Wait. What? They had mentioned that they were looking for a certain number of “major contributors” (the wording was along these lines). I asked what that meant.

“Oh, you know, $25,000 over 5 years. It’s really not that bad.”

*deep breath*

I then had to start from the beginning. “You know I’m still in training, right?” I explained that as MD/PhD students, we receive a free medical education and stipend; the entire purpose of this funding is to spare us from being burdened by >$100,000 of debt, which then frees us to take lower-paying jobs in academia to pursue medical research.

Furthermore, it is not a coincidence that we tend to choose lower-paying specialties on the whole, such as neurology, pathology or internal medicine.
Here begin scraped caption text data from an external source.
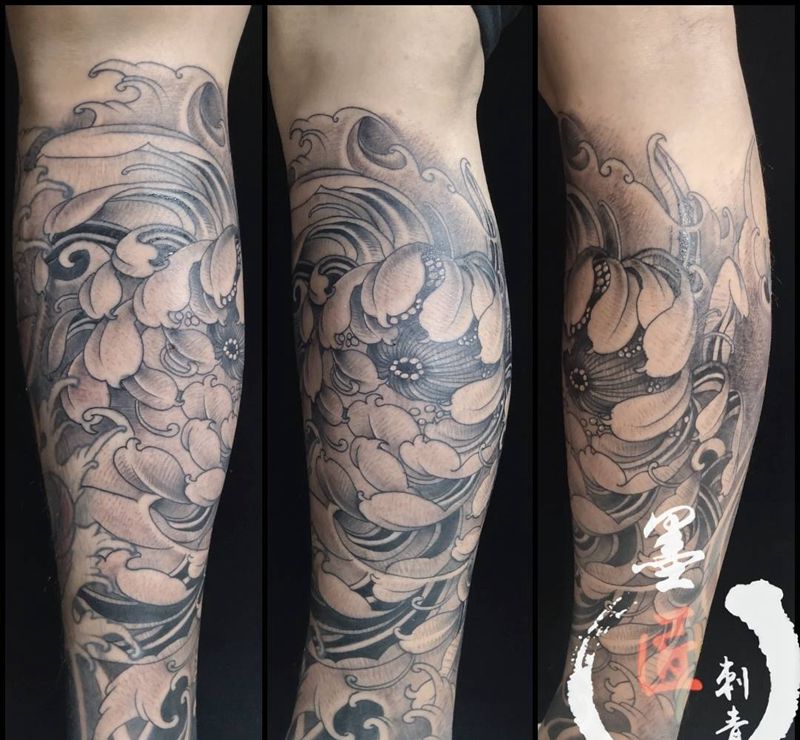 菊花纹身图片_脚部新传统纹身图案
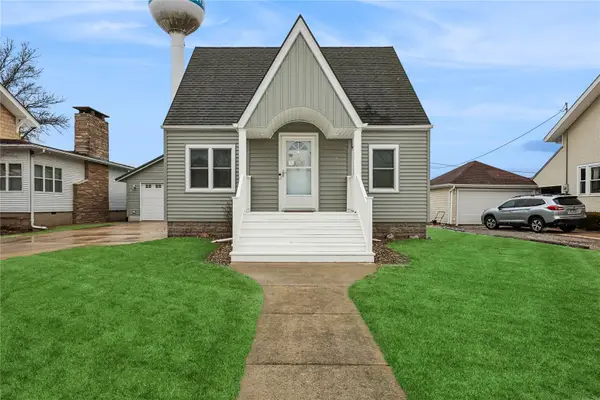 203 5th Avenue, Keystone, IA 52249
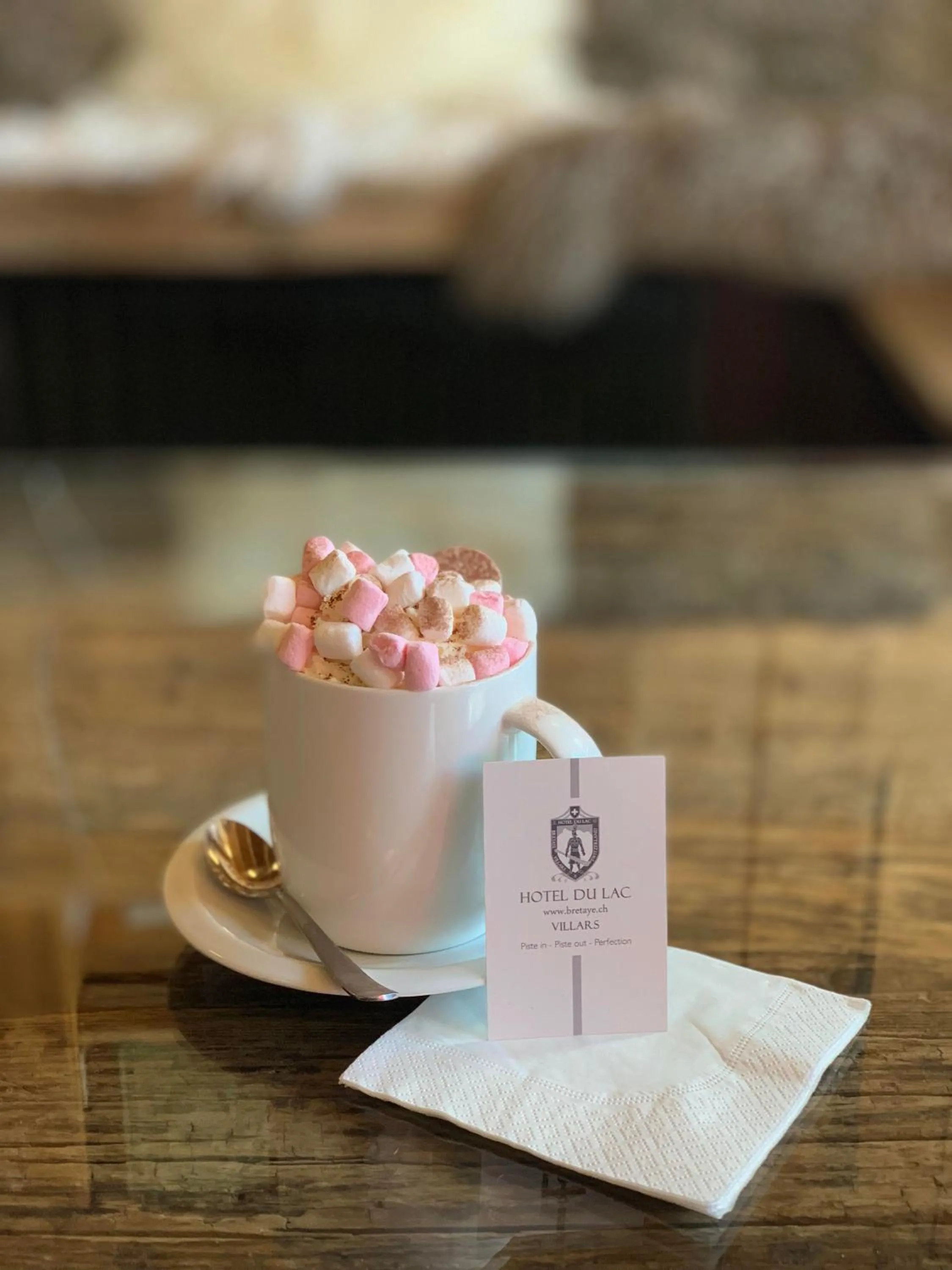 Restaurant/places to eat in Hotel du Lac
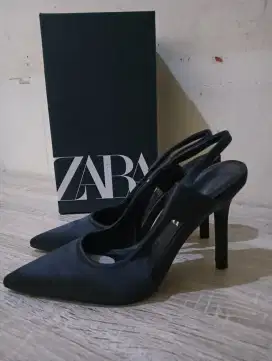 Preloved Sepatu Heels Zara Black Cakep
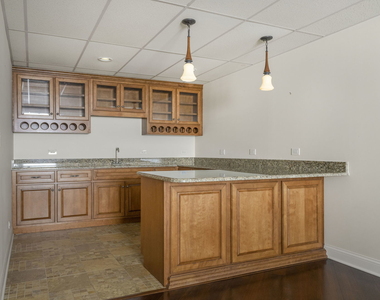 1015 White Pine Lane - Photo Thumbnail 13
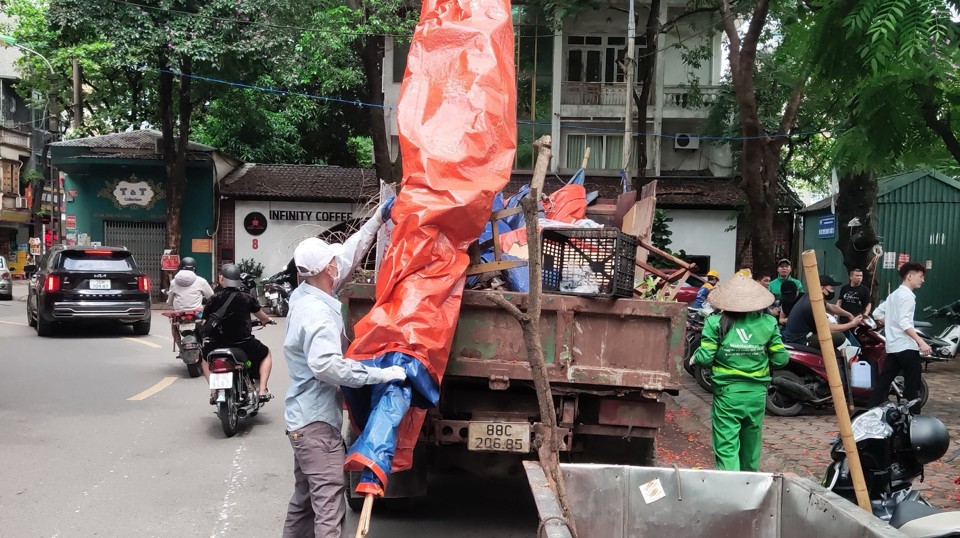 Đối với c&aacute;c h&agrave;nh vi vi phạm, lực lượng chức năng sẽ ki&ecirc;n quyết xử l&yacute; nghi&ecirc;m theo quy định.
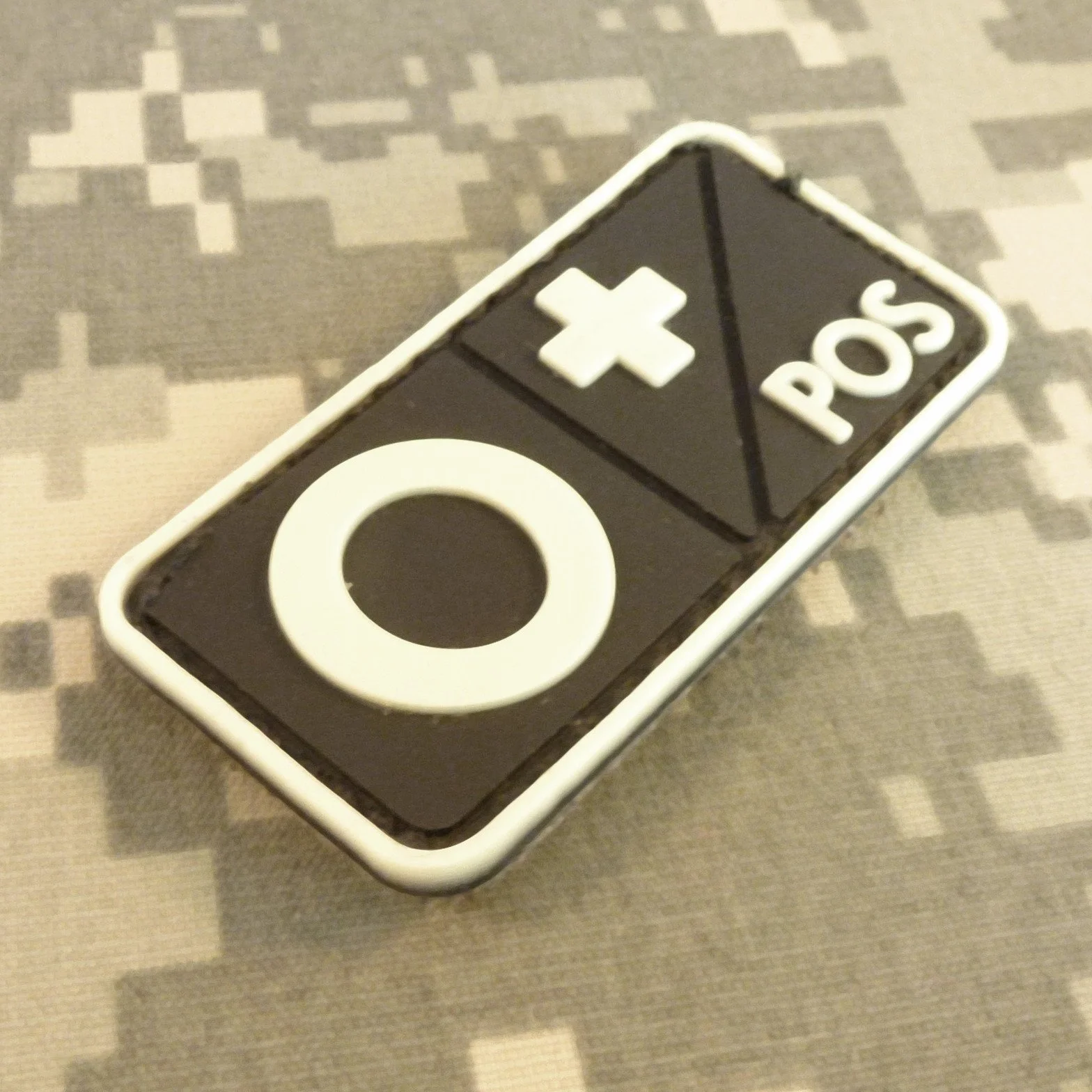 O POS Blood Type GITD Glow in the Dark PVC Rubber 3D Hak Patch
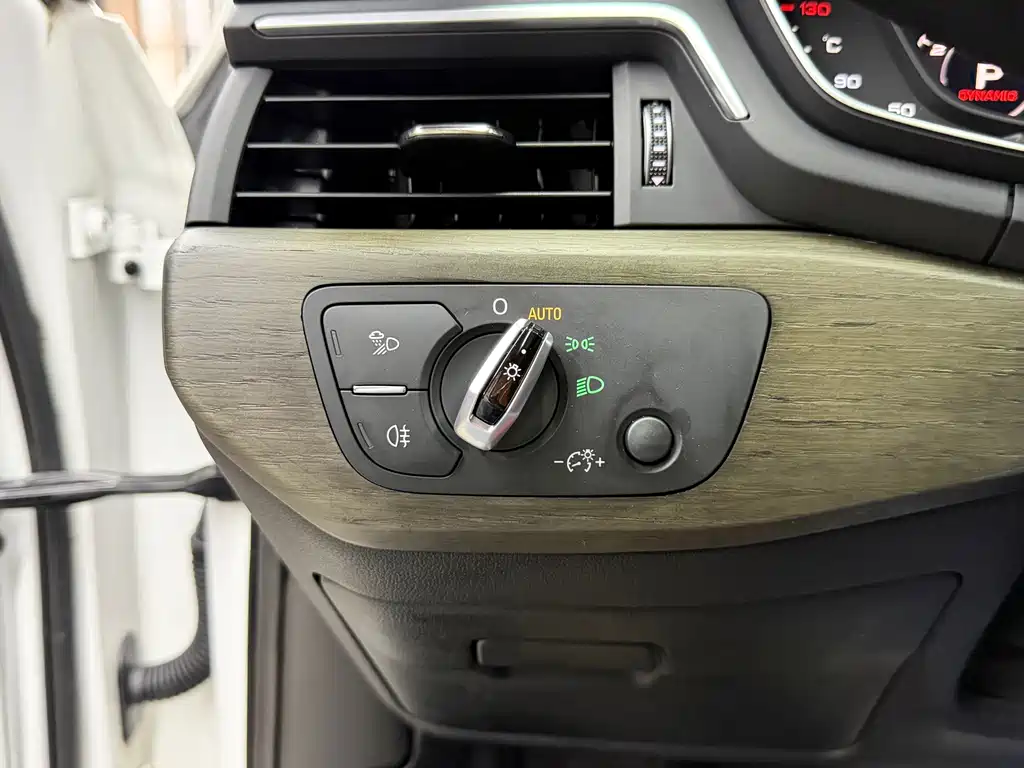 Audi A4L — миниатюра 18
It’s not that we aren’t qualified enough to go into higher-paying specialties; these more common MD/PhD specialties tend to give more flexibility to junior faculty to set aside time for research, since our clinical time does not bring in as much income. Conversely, in a clinical specialty which bills more in 10 minutes than the cost of a front-row seat to a Beyonce concert, there is more pressure for the department to keep its faculty doing clinical work; it becomes more costly to take a risk and have a faculty member spend precious time in the lab.

And so. Based on our decision to become a part of the MD/PhD family, we have forgone hundreds of thousands of dollars of potential future earnings; in academics, we tend to earn 1/2 to 1/3 the salary of our contemporaries in private practice. We also tend to delay child-bearing, given the 13+ years of medical training…so any leftover salary tends to be spent on daycare, then college savings, until our late 50’s.

That then brings the pool of eligible donors with $25,000 to spare to the cohort of alumni over the age of 60. They should probably be saving for retirement, but let’s be serious, as doctors, we don’t retire. We just die at some point. So, that’s a small proportion of MD/PhD alumni that they could try to reel in, but, good luck in tracking these people down.

The administrators seemed disappointed that former MD/PhD students did not appear to be the cash cow they needed to balance out the expenditure of the medical school.

They did not, however, apologize for asking me to donate 1/3 of my yearly salary to an absurd fundraising campaign. If anything, one of them asked me “Don’t you feel like you should give back?”

*another deep breath*

To put this in perspective, I am visibly pregnant, with upcoming daycare expenses for this child. I also already have a child in daycare. I make $65,000 per year, and will continue to be paid a fellow’s salary next year. And you are trying to guilt me into cleaning out my savings for *your* budget?!

Of course I’d love to help! But the entire reason that I’m still in training, and will make a lower salary for the rest of my career, was due to taking the free medical school education that the MD/PhD program provided in the first place.

We need more federal funding for medical research in this country. Giving up a third of my salary as a “donation” cannot be the answer.